Growth pattern and growth rate
All isolates were grown at 25 and 30°C as these are considered the most appropriate temperatures to distinguish C. pseudonaviculata from closely related species. In addition, the growth rate of 20 representative isolates from the Hyrcanaian forest were examined at 5, 10, 15, 20, 25, 28 and 30 °C. All isolates were created for these measurements by placing a 5 mm diameter agar plug from 7-day-old colonies on to the centre of a 90mm PDA plate. Three replicates for each isolate were produced and diameters of each colony were measured after 7 days.
Pathogenicity assay
The pathogenicity assay of the isolates was conducted in greenhouse conditions using 35 representative isolates chosen based on geographical coordinates and altitude of the sampling location, and variation in growth rate.

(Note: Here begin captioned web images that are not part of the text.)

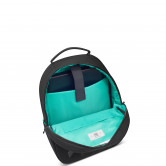 Рюкзак Delsey Fabrika 0376661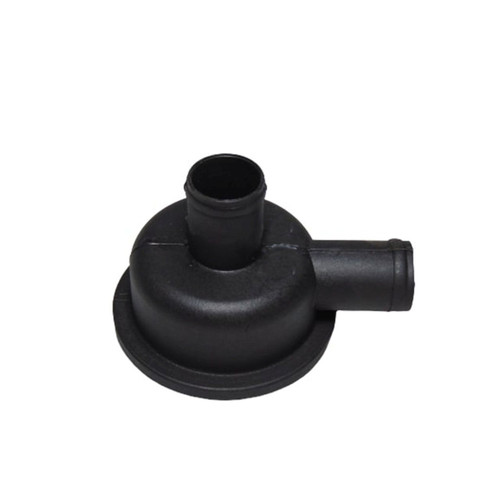 CUMMINS 3355601 - VALVE PRESSURE REGULATOR-IMAGE1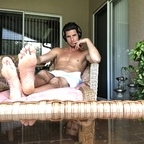 Leaked footmastersergei onlyfans leaked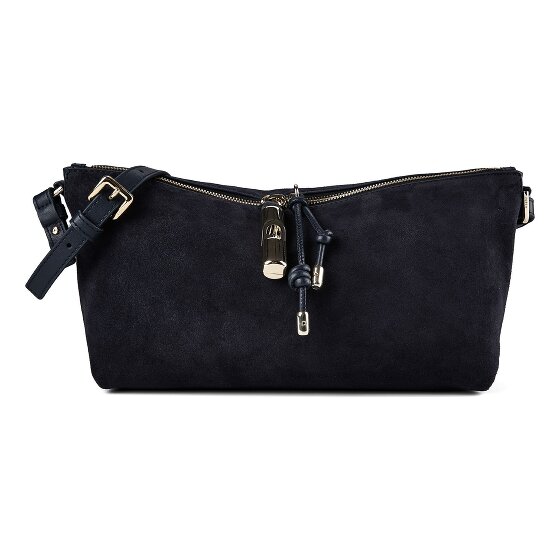 Furla Debby Borsa a tracolla Vera Pelle 25.5 cm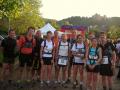 TRAILDESLAVOIRS 012.jpg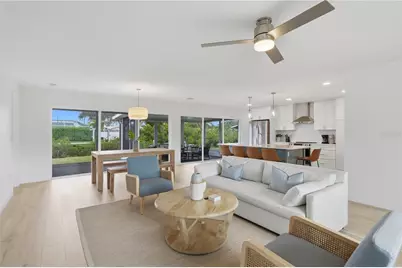 509 Buena Vista Drive, Nokomis, FL 34275 - Photo 7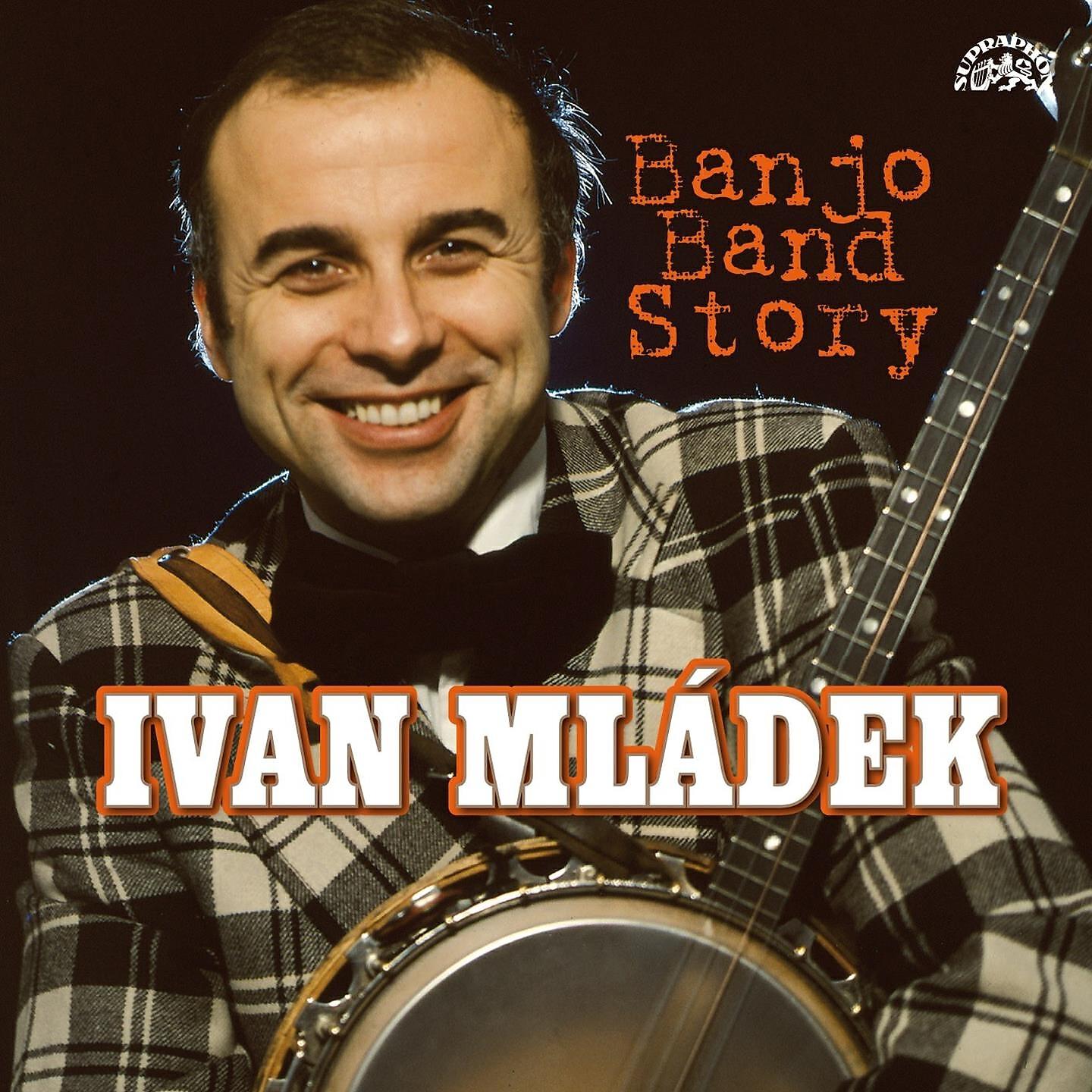 Ivan bar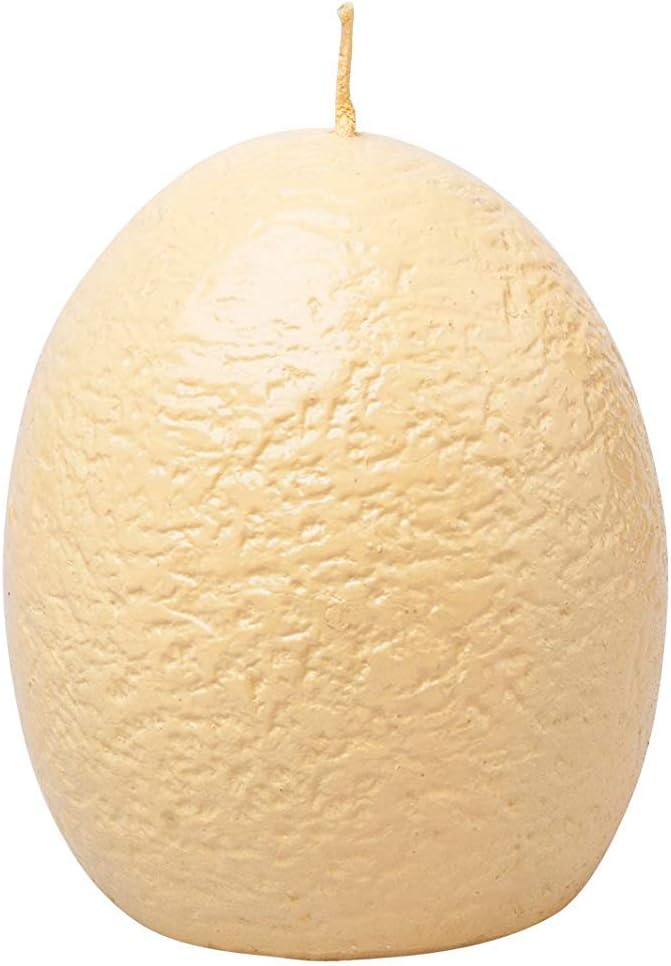 YAZAN-MOLANDI T-Rex Hatching Eggs Candle 1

Six-year-old healthy boxwood saplings approximately 40- 50cm high were supplied from the Sisangan nursery forest in Mazandaran province. Saplings were replanted in 3 litre pots filled with sterilized forest soil which was prepared by filling an oven container with the moistened forest soil and setting the temperature in the range of 85-90 °C for 30 minutes and the temperature of the centre of the soil pile was checked to reach 80 °C. To test whether the plants had been previously infected with C. pseudonaviculata the saplings were kept in conditions favorable for development of disease symptoms (95% relative humidity and 23-25 °C) for two weeks. A total of 108 saplings were selected for this experiment.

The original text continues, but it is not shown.